Looking further into Kubernetes we see that if one notebook server with GPU is running and we try to start a second one the pod created by the second server is tainted.
Is there a way to configure Kubeflow to allow this kind of behaviour?
P.S. We are using Kubeflow 1.4
Upvotes: 1
Views: 494
Reputation: 3
I have worked with kubernetes (k3s) and GPUs and it was a challenging task to manage pods on a single GPU. After some research I found nvshare.
They state:
"nvshare is a GPU sharing mechanism that allows multiple processes (or containers running on Kubernetes) to securely run on the same physical GPU concurrently, each having the whole GPU memory available."
It worked for me.
Upvotes: 0
Reputation: 9701
Since Kubeflow is using Kubernetes, perhaps the GPU time-slicing can give you more information on this.

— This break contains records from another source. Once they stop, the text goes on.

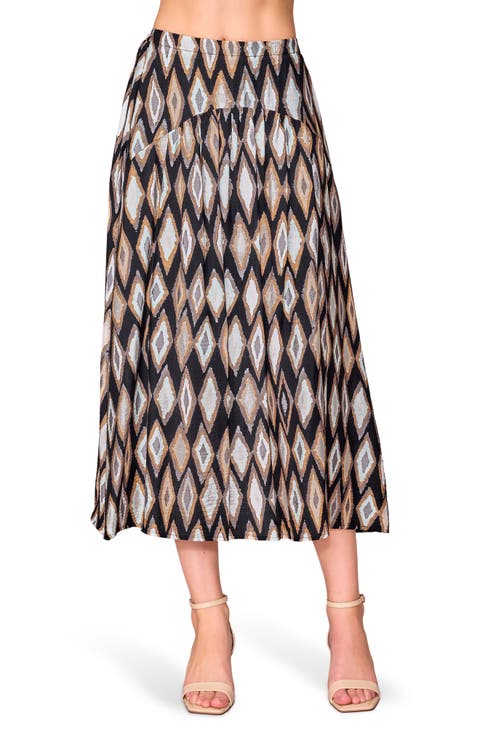 Geo Print Midi Skirt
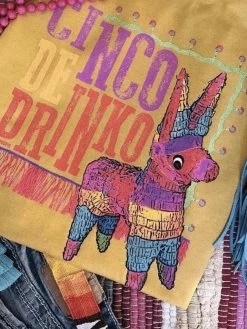 Miss Mud Pie Clothing Cinco De Drinko T-shirt - Mustard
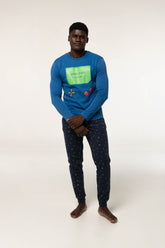 Pijama Algodón Afelpado G329 Pijama Invierno Dark Elephant by Little Unicorn Azul S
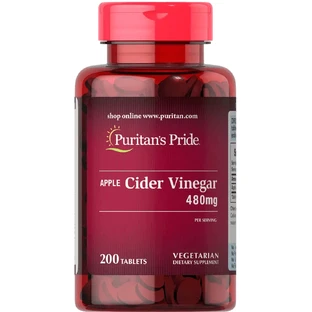 Яблучний оцет, Apple Cider Vinegar, Puritan's Pride, 480 мг, 200 таблеток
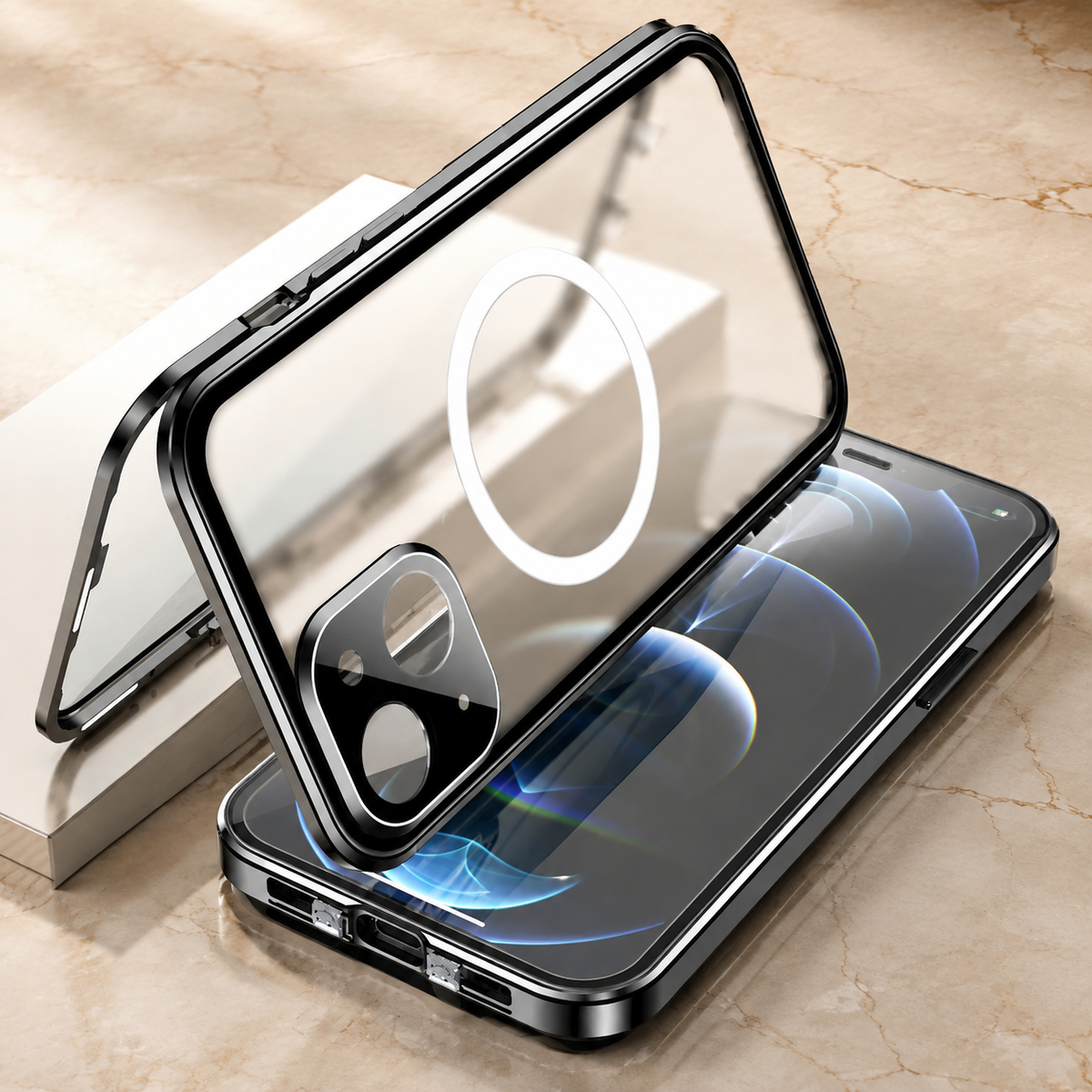 Premium iPhone Case MagSafe Aluminum Alloy Frame Tempered Glass PC Full Body Shockproof Camera Protection Clear Cover Anti Scratch Magnetic Protective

The document has last been updated this year - 2024, so it's pretty current.
What this technology (plugin for Kubernetes) does is basically interleaving requests for a GPU's resources. It's not literally concurrently but then again neither is what happens on most OSs where you have just a few cores yet hundreds if not thousands of processes that run "simultaneously". So just like in the more common case, here your pods also may have to wait for X amount of time to get to the GPU but at least they are queued.
An older blog post shows a possible way to split the GPUs memory in order to provide it to multiple pods.
Alternatively you can check out multi-instancing although that one is reserved for the latest gens of AI accelerators (e.g. A100, H100 and A30) but its worth at least a read.
Upvotes: 0